Exercise prompt
Look through the data below and output, unchanged, every line from the one holding "Polo-style graphic T-shirt" through the one holding "istock Fig fruit", inclusive. Skip the pictures.

Working data
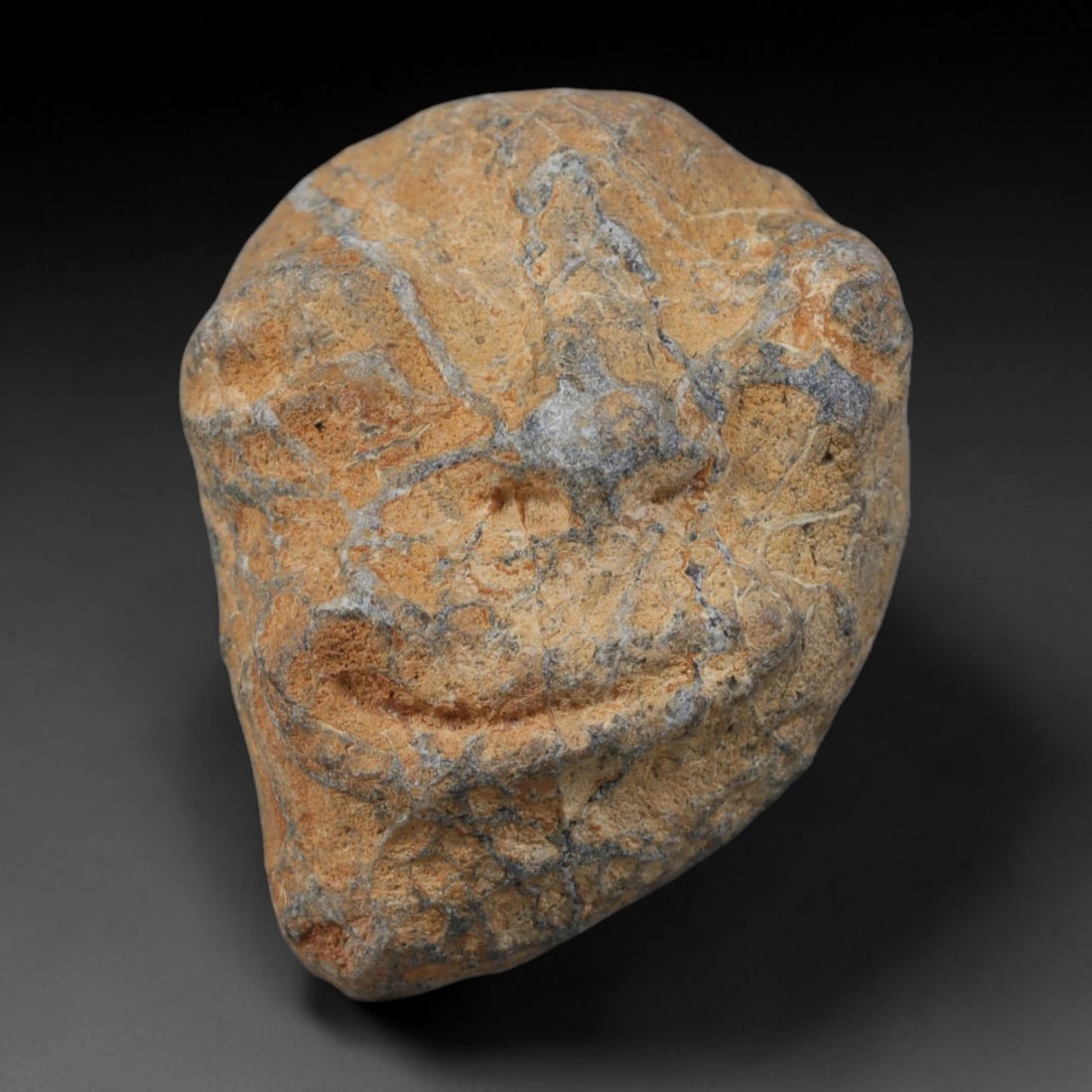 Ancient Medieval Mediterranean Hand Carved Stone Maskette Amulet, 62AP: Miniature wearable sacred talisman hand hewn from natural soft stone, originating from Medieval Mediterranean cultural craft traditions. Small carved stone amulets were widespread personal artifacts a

* * *

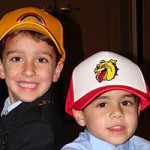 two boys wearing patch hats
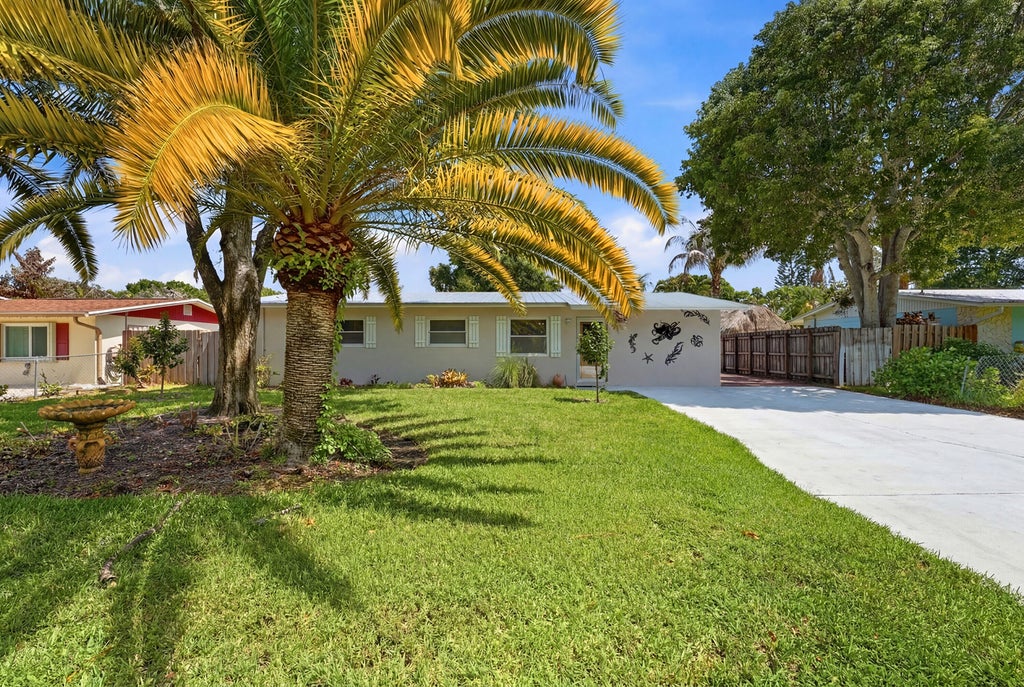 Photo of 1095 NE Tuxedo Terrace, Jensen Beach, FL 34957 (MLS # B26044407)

---

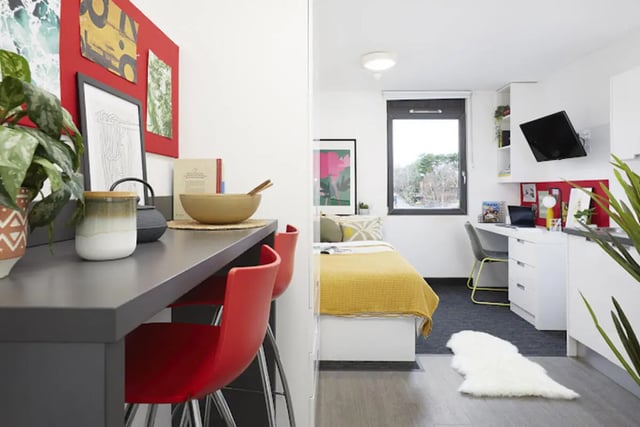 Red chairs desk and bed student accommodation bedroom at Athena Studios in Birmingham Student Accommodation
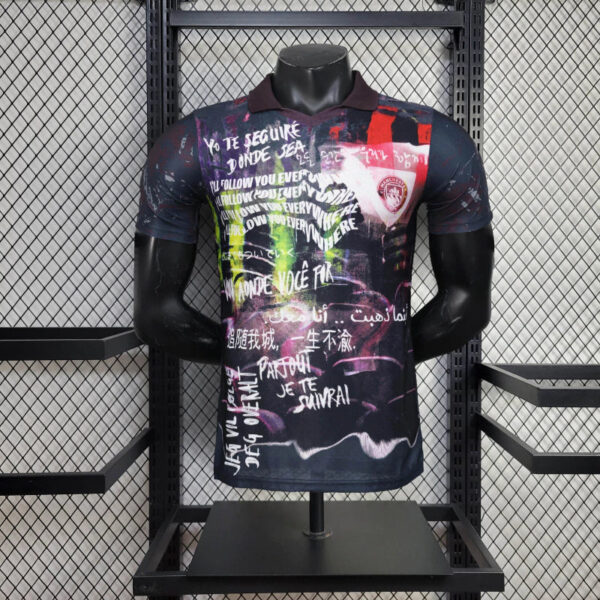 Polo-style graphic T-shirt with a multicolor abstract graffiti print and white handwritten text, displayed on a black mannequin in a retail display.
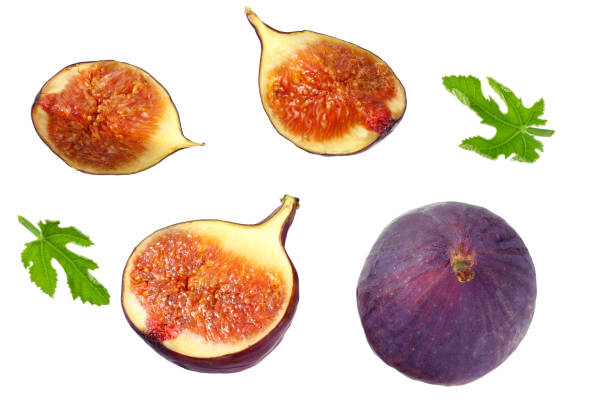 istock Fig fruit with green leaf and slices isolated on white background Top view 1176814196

Result of the task
 Polo-style graphic T-shirt with a multicolor abstract graffiti print and white handwritten text, displayed on a black mannequin in a retail display.
 istock Fig fruit with green leaf and slices isolated on white background Top view 1176814196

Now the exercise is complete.